Routes

Routes are how a request lands on a deployment. Each route is a tuple — domain, path, target — and the platform matches the longest path prefix and forwards from there.

The Routes page#

The Routes tab lists every route in the project. Each row shows the full request URL (https://<domain><path>), the target deployment, the location, and any extra route config.

console.deploys.app/route?project=acme
Four routes mapping acme.example.com and subdomains to web and api deployments
Four routes — a path split between web and api on the apex, plus subdomain routes.

Route a domain to a deployment#

The simplest case — (domain, path) → deployment:

deploys route create \
  --project acme --location gke.cluster-rcf2 \
  --domain acme.example.com --path / \
  --deployment web

path is matched as a prefix.

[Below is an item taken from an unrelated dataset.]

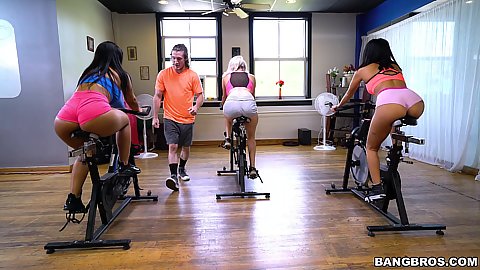 Spin class with hotpants ladies Rose Monroe with their perverted trainer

With both /web and /apiapi on the same domain, a request to /api/v1/users is forwarded to api (longest match wins).

Routes by path#

You can split a single domain across deployments by path:

RouteTarget
acme.example.com/web (the marketing site)
acme.example.com/apiapi (the JSON API)
acme.example.com/adminadmin (the back-office UI)

The platform strips the matched prefix before forwarding — api receives the request at /v1/users, not /api/v1/users.

Routes with config (v2)#

The routeV2 flow lets you target arbitrary URLs instead of just deployments, and attach extra request handling:

  • target — a target URL or deployment://<name> reference.
  • config.basicAuth — a username + password the gateway checks before forwarding.
  • config.forwardAuth — a separate endpoint the gateway calls first; if it returns 2xx the request is forwarded, otherwise the response is returned to the client. Request and response headers can be whitelisted via authRequestHeaders / authResponseHeaders.
curl https://api.deploys.app/route.createV2 \
  -H "Authorization: Bearer $DEPLOYS_TOKEN" \
  -d '{
    "project": "acme",
    "location": "gke.cluster-rcf2",
    "domain": "internal.acme.dev",
    "path": "/admin",
    "target": "deployment://admin",
    "config": {
      "basicAuth": { "user": "ops", "password": "…" }
    }
  }'

Listing and deleting#

deploys route list --project acme --location gke.cluster-rcf2

deploys route delete \
  --project acme --location gke.cluster-rcf2 \
  --domain acme.example.com --path /old

Deleting a route stops traffic to that prefix immediately. The deployment isn’t affected — only the routing.

How a request flows#

client
  ▼ HTTPS to acme.example.com/api/v1/users
edge / CDN (if domain.cdn = true)
location ingress
  ▼ longest-match: acme.example.com/api → deployment://api
deployment "api" pods (autoscaling between minReplicas..maxReplicas)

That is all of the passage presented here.